10 November 2012, 14:31  - Vusi Kweyama

At the “alter of sacrifice,” justice was surrendered in the interest of peace, stability, and illusionary reconciliation.

The day we stop questioning will be the day we live in fear of the unknown; this is good if you don’t want to consider, address, and answer new questions about life. New inventions or technologies are a byproduct of questioning the relevancy of existing technologies and seeking new ways of doing things to improve current conditions.

My question today: To what extent has amnesty eroded the fabric of our criminal justice system?

Amnesty is defined as “a pardon extended by a government to a group or class of persons, usually for a political offense; the act of a sovereign power officially forgiving certain classes of persons who are subject to trial but have not yet been convicted.”

Out of a negotiated settlement, the South African Truth and Reconciliation Commission (TRC) was born from a major compromise for parties striving to make a smooth transition from apartheid to democracy.
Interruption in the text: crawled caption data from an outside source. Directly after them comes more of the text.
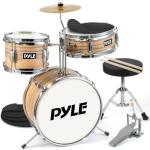 Pyle 3-Piece Kids Beginner Drum Set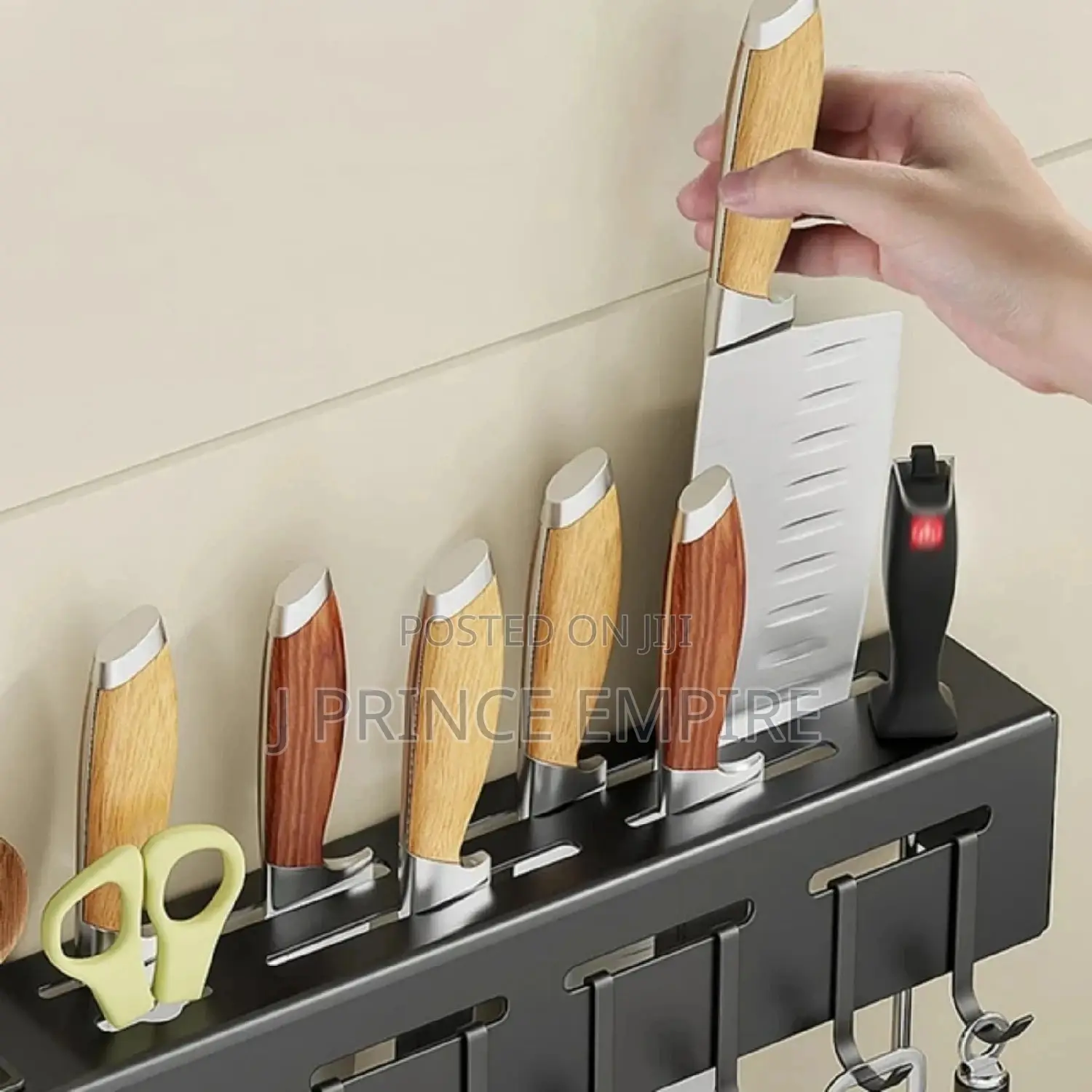 Knife Holder Wall Mounted Kitchen, Hooks Knife Storage Rack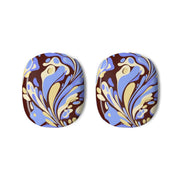 Blue, Yellow & Brown Marble Swirl AirPods Max Case 3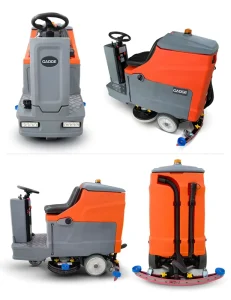 F860 Electric Ride-On Floor Washing Machine 125/135L Ceramic Marble Tile PVC Floor Scrubber Vacuum
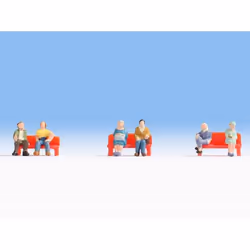 NOCH Sitting People, Z (1:220), Multicolour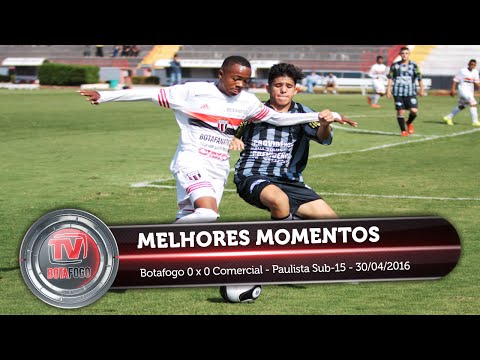 MELHORES MOMENTOS - Botafogo 0 x 0 Comercial - Paulista Sub-15 - 30/04/2016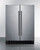 Summit FFRF24SS 3.78 Cu.Ft. Black Refrigerator-Freezer - 115 Volts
Many perpetrators from both parties — the liberation movement as well as the apartheid regime — had vested interests in how their inhuman acts would be dealt with in the post-apartheid dispensation.

At the helm of the commission was Archbishop Desmond Tutu, a man of the cloth, who was naturally inclined to forgive wrongs of the past, following well-regarded biblical imperatives. He was given the responsibility of creating a national narrative about reconciliation and forgiveness.
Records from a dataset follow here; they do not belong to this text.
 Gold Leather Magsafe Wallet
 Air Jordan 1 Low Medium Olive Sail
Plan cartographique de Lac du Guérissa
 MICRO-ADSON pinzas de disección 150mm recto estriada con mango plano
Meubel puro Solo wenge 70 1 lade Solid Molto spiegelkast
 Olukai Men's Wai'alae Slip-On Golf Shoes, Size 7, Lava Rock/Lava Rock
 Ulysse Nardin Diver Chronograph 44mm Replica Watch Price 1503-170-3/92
While he delivered on his mandate, he later questioned the extent of justice allegedly performed during much of the TRC process by recently proposing a guilty tax (taxation for apartheid beneficiaries for reparation purposes). He also raised concerns about how the apartheid government did not use the TRC platform to provide formal apologies for gross violations of human rights.
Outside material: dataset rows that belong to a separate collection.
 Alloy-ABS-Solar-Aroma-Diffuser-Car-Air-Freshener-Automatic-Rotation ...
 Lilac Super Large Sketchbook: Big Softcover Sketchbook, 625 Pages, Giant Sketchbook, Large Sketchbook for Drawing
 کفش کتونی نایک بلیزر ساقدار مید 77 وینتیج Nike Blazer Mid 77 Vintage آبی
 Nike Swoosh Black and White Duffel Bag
Obviously, this lack of pronouncing apology by the apartheid regime was interpreted by many as a clear lack of remorse, which essentially suggests that (a) the regime did not see anything wrong with their racial segregationist policies or (b) the segregationists did not apologise because apology implies an obvious need for righting past wrongs.

This series of events might have had a negative impact on the public’s conception of what is just, particularly regarding the notion of amnesty.

Here are the documented facts, compliments of the University of Witwatersrand.

South Africa’s TRC is the only truth commission to have been given powers of amnesty. The 1993 Interim Constitution made specific provisions for an amnesty process but did not prescribe details. Indeed, the wording of the Constitution’s preamble was deliberately vague, in effect, leaving it up to a subsequent political process to work out the details.

Although the undertaking to indemnify perpetrators was a bitter pill to swallow, especially for those within the antiapartheid movement, most commentators agree that momentum towards transition would have been fundamentally undermined without it.

Although the motivation for a general amnesty had come primarily from representatives of the apartheid state and its security forces, there were powerful elements within the liberation movement who recognised and supported this position. Former Umkhonto we Sizwe chief and post-apartheid’s first Minister of Defence, the late Joe Modise, for example, had reportedly assured apartheid defence-force negotiators that this is what would be delivered.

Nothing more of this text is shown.